To maintain social distancing, Bingham said he hasn’t decorated his small backyard as in years past. The side yard has a large, long driveway where people can maintain appropriate distance from each other.

“I still wanted to do something that people could enjoy. I’ll still get to connect with those who are out,” he said.

Julia Murphy-Chutorian, of Southgate, said she has invited her neighbors on Mariposa Avenue to put out tables with candy between 6-7 p.m. on Halloween.

“The neighbors can sit outside and see the kids come by and still be socially distanced. The nice thing is having an hour of fun for the neighbors to see the children. The fun part of Halloween is opening the door and seeing the costumes,” she said.

She has also reached out to other streets in her neighborhood through Nextdoor to see if they want to join in, she said.

Few trick-or-treaters have come to her neighborhood in the past, Murphy-Chutorian noted.
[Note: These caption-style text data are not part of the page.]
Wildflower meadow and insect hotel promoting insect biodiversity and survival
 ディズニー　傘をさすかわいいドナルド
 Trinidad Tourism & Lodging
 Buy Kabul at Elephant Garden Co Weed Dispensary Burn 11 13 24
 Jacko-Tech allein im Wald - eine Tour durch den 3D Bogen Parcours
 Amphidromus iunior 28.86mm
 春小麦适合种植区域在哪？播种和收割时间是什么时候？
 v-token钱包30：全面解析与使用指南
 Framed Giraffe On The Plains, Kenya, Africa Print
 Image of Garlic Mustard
This year, she said she isn’t sure what will happen as people choose to stay closer to home because of the pandemic.

“Hopefully that’s what will come out of this: People will stay in the community and get to know their neighbors rather than going out to the hottest thing,” she said.

A witch sits in a chair at the Greenmeadow Community Pool during the 2019 scary swim meet. Courtesy Sherry Listgarten.

Greenmeadow Community Association will host a “Spooky Time Trials” swim meet in the association’s heated pool on Saturday morning, Oct. 24.

The neighborhood held a Halloween Scary Distance Meet during the evening for years, which took a hiatus from 2016 to 2018 but was revived in 2019, Donna Hill, chair of the association’s swim team committee, said in an email.

As in years past, attendees will be greeted with pool decorations, spooky music and coaches and volunteers in costume. Event organizers will also reward all swimmers with a commemorative swim cap, mini pumpkin and candy, according to Hill. Children can win large pumpkins through a raffle drawing that will take place throughout the meet.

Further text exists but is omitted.